Jean Evelyn Nidetch  (née Slutsky, October 12, 1923 – April 29, 2015) was an American business entrepreneur who was the founder of the Weight Watchers organization.

Early life
Jean Nidetch was born on October 12, 1923 in the New York City borough of Brooklyn to her parents, David and Mae Slutsky. Hailing from a working class family, Jean’s parents worked as a cab driver and a manicurist. Graduating from the Girls High School in Bedford, Jean’s academic talents led her to a scholarship offer from Long Island University. She chose, instead, to attend the City College of New York, where she majored in business administration.

Career
Jean’s career began when she dropped out of school after her father died in 1942. Providing for her family, Jean began working at Mullin Furniture Company, where she earned a mere total of 10 dollars a week ($177 in 2022 dollars). She then worked a quick stint at Man O’War Publishing Company, where she produced sheets for horse players. This job ended when Fiorello La Guardia's campaign for Mayor of New York City focused on ending horse racing, which was detrimental to the industry. Jean later found work at the Internal Revenue Service.

After meeting Marty Nidetch at the Internal Revenue Service, the two married on April 20, 1947. After a few months of marriage, the young couple moved to Tulsa, Oklahoma, so Marty could take a job as a credit manager. Marty was then promoted to a manager at a store in Warren, Pennsylvania, which led to the couple’s second move in less than a year.

In February 1952, the family moved back to New York, where Marty got a job as a bus driver. Jean stayed home with their ever-growing family. Although Jean decided to stay home as a mother and homemaker, she was involved with many charities in the area, which helped her develop some of the skills she used later to make Weight Watchers a global brand.

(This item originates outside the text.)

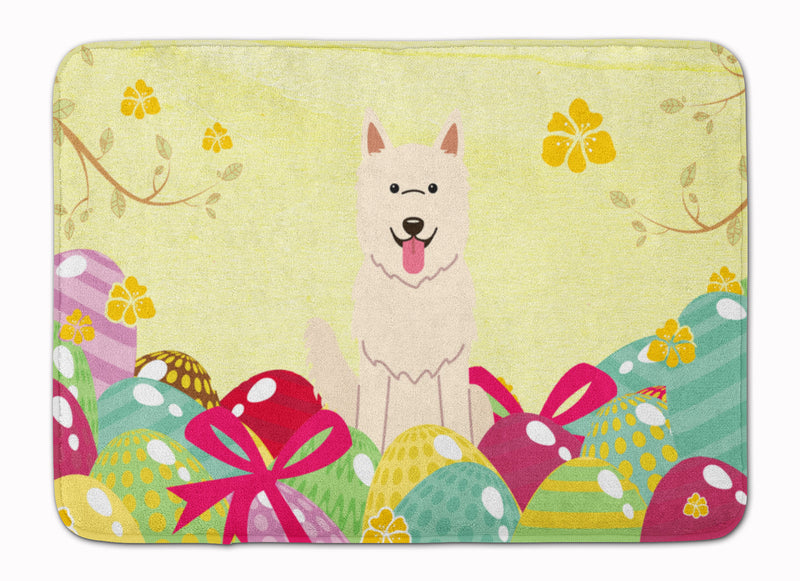 Easter Eggs White German Shepherd Machine Washable Memory Foam Mat BB6045RUG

Jean had struggled with her weight all her life, being an overweight child and young woman. Her struggles led her to the New York City Department of Health Obesity Clinic, where she was told she would need to start a strict diet. Frustrated with her progress and uncommitted to the plan given to her, she chose not to go back to the clinic, saying that the women who ran the clinic had never been overweight in their lives and did not understand the struggle.

Instead, she chose to invite six overweight women over to her house, where they could meet weekly to talk about their struggles and discuss diet tricks and tips. She did establish one rule, which was that women should consult with their doctors before entering her support group, which is a rule that Weight Watchers continues to follow to this day. This support group was the beginning of what was soon to be Weight Watchers, as Jean incorporated her group in 1963.

Word of mouth grew the brand, and what was once a small support group turned into hundreds of women seeking Jean for advice, who eventually lost 70 pounds on her diet. To cover costs, she charged 25 cents for her clientele to gain access to her plan.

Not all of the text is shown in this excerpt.